We hire for a team that works as a portfolio, and we don’t expect any one person to be strong in every dimension. What every advisor on the team shares, though, is strong analytical skills, strong communication, knowledge of at least one priority area, and self-direction.

How you’ll work

Advising is one part of 80,000 Hours’ career services programme, alongside the job board, headhunting, and, more recently, AI products like our AdvisorBot. Subteams help each other and share information about what we’re each seeing in the ecosystem.

You’ll report to Laura, advising manager, and work closely with the rest of the advising team, the wider Career Services programme, and colleagues across 80,000 Hours. We have the collaborative culture you’d expect from a place where everyone is trying to get better at hard work they care about.

The advising team is growing and looking to experiment with new approaches. Examples include advising aimed at finding and pitching potential founders, expanding into grantmaking and reaching more senior audiences. We’re hiring people who want to help shape that.

This is a full-time role, ideally based in London; Washington, DC; or the San Francisco Bay Area. We’re open to other locations for the right candidate, provided there’s significant overlap with UK and US working hours.
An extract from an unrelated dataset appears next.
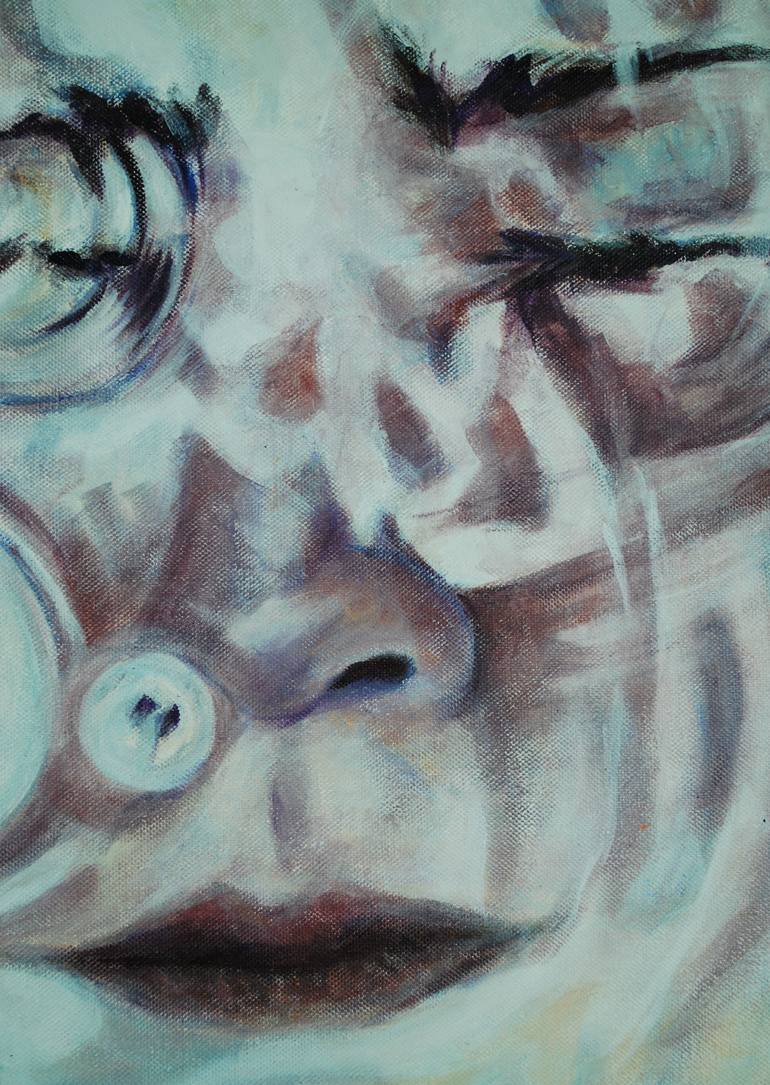 Original Portraiture People Painting by Yvonne Bogers Kreffer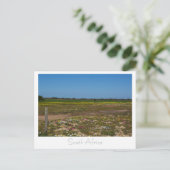 Westkust Wilde Bloemen Zuid-Afrika ZA Briefkaart (Staand voorkant)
The start date is flexible. We’d like whoever we hire to start as soon as possible.

Salary and benefits

Salaries at 80,000 Hours are set using a salary calculator visible to all staff, that accounts for the specific role, location, and a candidate’s experience. For this role, we expect it to range from £105k–£125k for London-based staff, $150k–$180k for DC-based staff, $170k–$205k for San Francisco-based staff, $130k–$155k for US remote staff, and £90k–£110k for other remote staff.
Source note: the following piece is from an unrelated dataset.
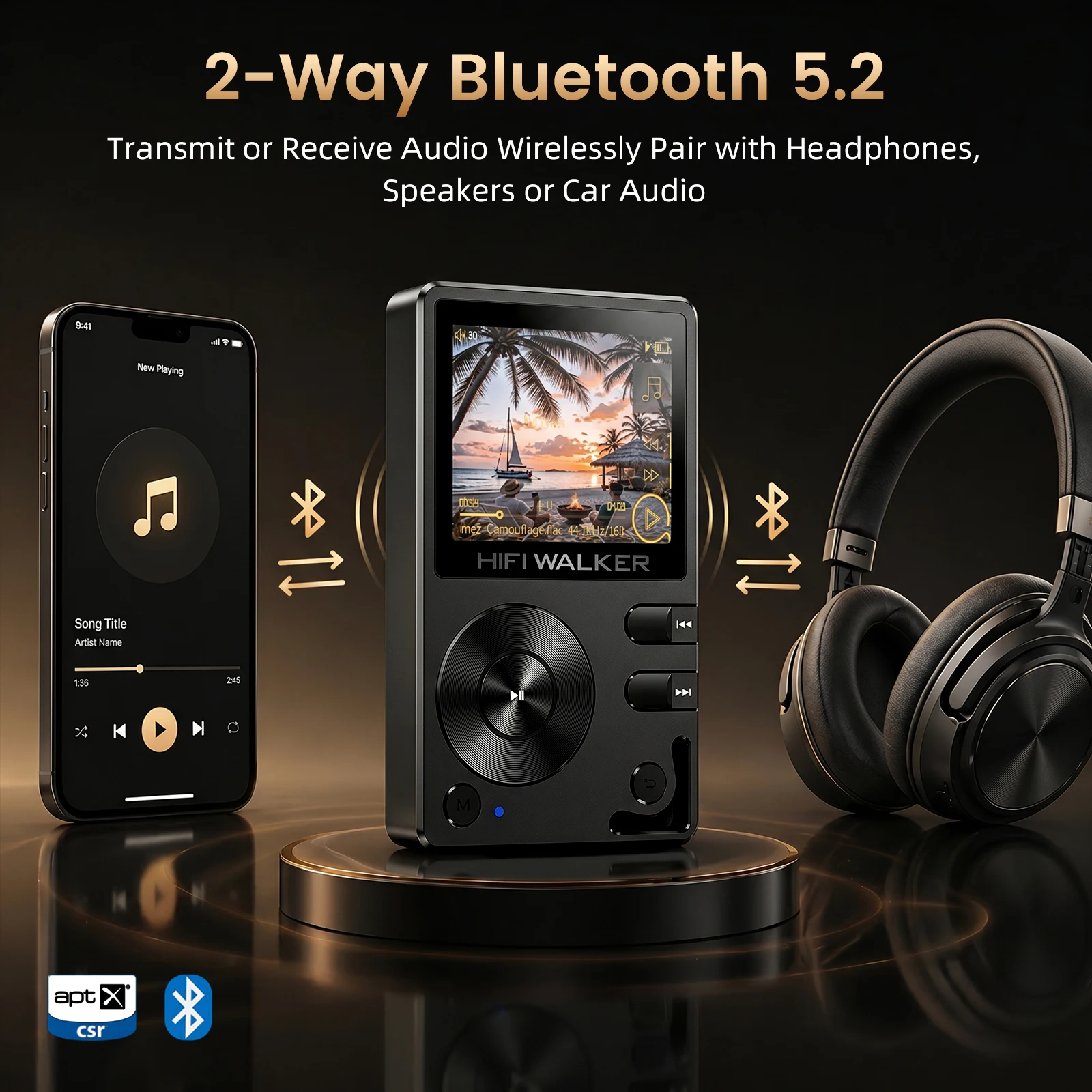 DAP HIFI 플레이어, 블루투스 5.2, 무손실 D - Audio Music Offline 리뷰 및 가격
We can support both UK and US visa sponsorship, but we cannot guarantee US visa applications will be successful. You can read more about the US visa types we can sponsor here, and make a call on whether you’d still like to apply if that is your only location option.

Our benefits include:

  • 25 days of paid holiday, plus public holidays
  • Private medical insurance
  • Long-term disability insurance
  • Pension scheme / retirement plan with employer contributions
  • Up to 14 weeks of fully paid parental leave and childcare allowance for children under five
  • £5,000 annual mental health support allowance
  • £5,000 annual self-development budget
  • The option to use 10% of your time for self-development
  • Gym, shower facilities, and unlimited free food at our London office

How to apply

Apply by 11pm BST on June 2, 2026. We’ll be reviewing applications as they come in and begin assessing candidates as soon as some have met the bar. We reserve the right to close applications before the stated deadline.

The process is likely to include interviews, a work test and/or a live advising assessment with one of our advisors, and a multi-day assessment (preferably in person). We pay for work tests and the multi-day assessment, conditional on location and right to work in the country where you are taking the assessment.

We know factors like gender, race, and socioeconomic background can affect people’s willingness to apply for roles where they meet many but not all the suggested attributes. We especially encourage people from underrepresented backgrounds to apply, even if you don’t meet every criterion.